In order to address this disparity, I had to confront my partners with my concerns, challenge them to rethink their treatment of me, and affirmatively document the efforts that I was making to seek additional work and training in order to protect myself from claims that I was not pulling my weight in terms of billable hours. Luckily for me the firm had one young African-American partner from Houston, Marty Wickliff, who supported me through those early years with his counsel and, more importantly, with some billable work that helped me survive what objectively could have been framed by the firm as a failed, but good-faith, attempt to hire additional minority lawyers.
I can’t stress enough how important it is to not be complacent, to recognize disparate treatment even if it is being done unconsciously and with a smile, and to strive to overcome the stigma of low expectations that others may be imposing on you.
What pearls of wisdom would you provide to appellate judges based on your experience?
First, you have to really enjoy the intellectual challenge that comes with a primarily academic practice of law. An appellate judge has to really enjoy thinking through difficult and thorny legal issues. Appellate judges also have to be good writers as well as good listeners, adept negotiators, and principled compromisers.
Unlike a trial judge, an appellate judge cannot make decisions by him- or herself. In our court, it takes at least two to tango when we sit on panels, so a judge sometimes has to convince others to agree with his or her legal analysis and the result that flows from the application of the facts of the case. In order to accomplish that goal, you have to have listened, heard, and taken into consideration your colleagues’ concerns; negotiated a way of addressing those concerns without undermining the legal analysis that you are promoting as consistent with your best understanding of the law; and then drafted language that evinces that compromise.

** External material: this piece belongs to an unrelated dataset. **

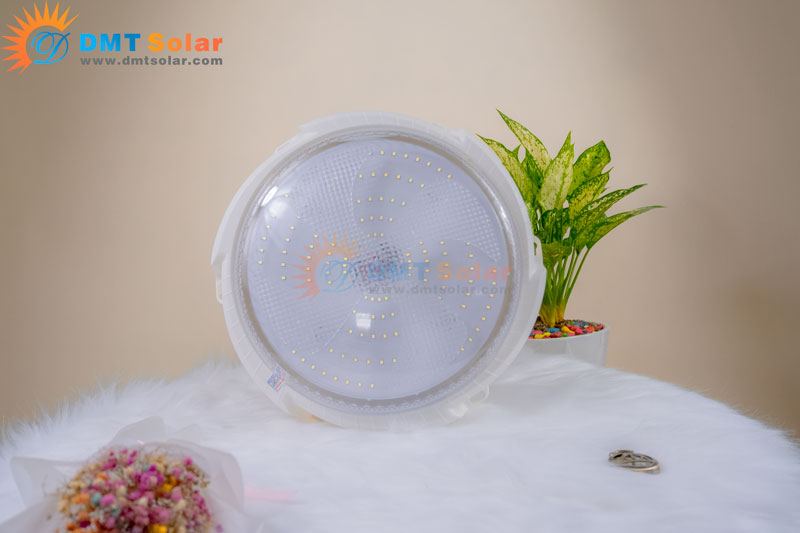Đèn ốp trần công suất 400W năng lượng mặt trời DMT-OT400G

If you believe that you’re smarter or more right than everyone else on your court, or that your reasoning is so unassailable that your colleagues’ concerns are completely unfounded, you will be a very lonely dissenter in many, many cases and will have lost the opportunity to help develop the law in a meaningful way. Also, it is likely that you will have established relationships with your colleagues that make it difficult for them to hear and seriously consider your concerns about the analysis in opinions they may be authoring. So my pearl of wisdom is to remember the golden rule and treat your colleagues and their opinions as you would want them to treat you and yours.
Do you perceive yourself as a trailblazer?
No, not really. I am simply trying to continue to promote issues that are important to ensuring the fair administration of justice. Initiatives that I champion—like access to justice, procedural fairness, and pretrial justice reform—are critically important to maintaining the public’s trust and confidence that the courts can and will protect the rule of law. That concept is embodied in the vision statement of the courts of the District of Columbia, where we strive to be “Open to all, Trusted by all, Justice for all.”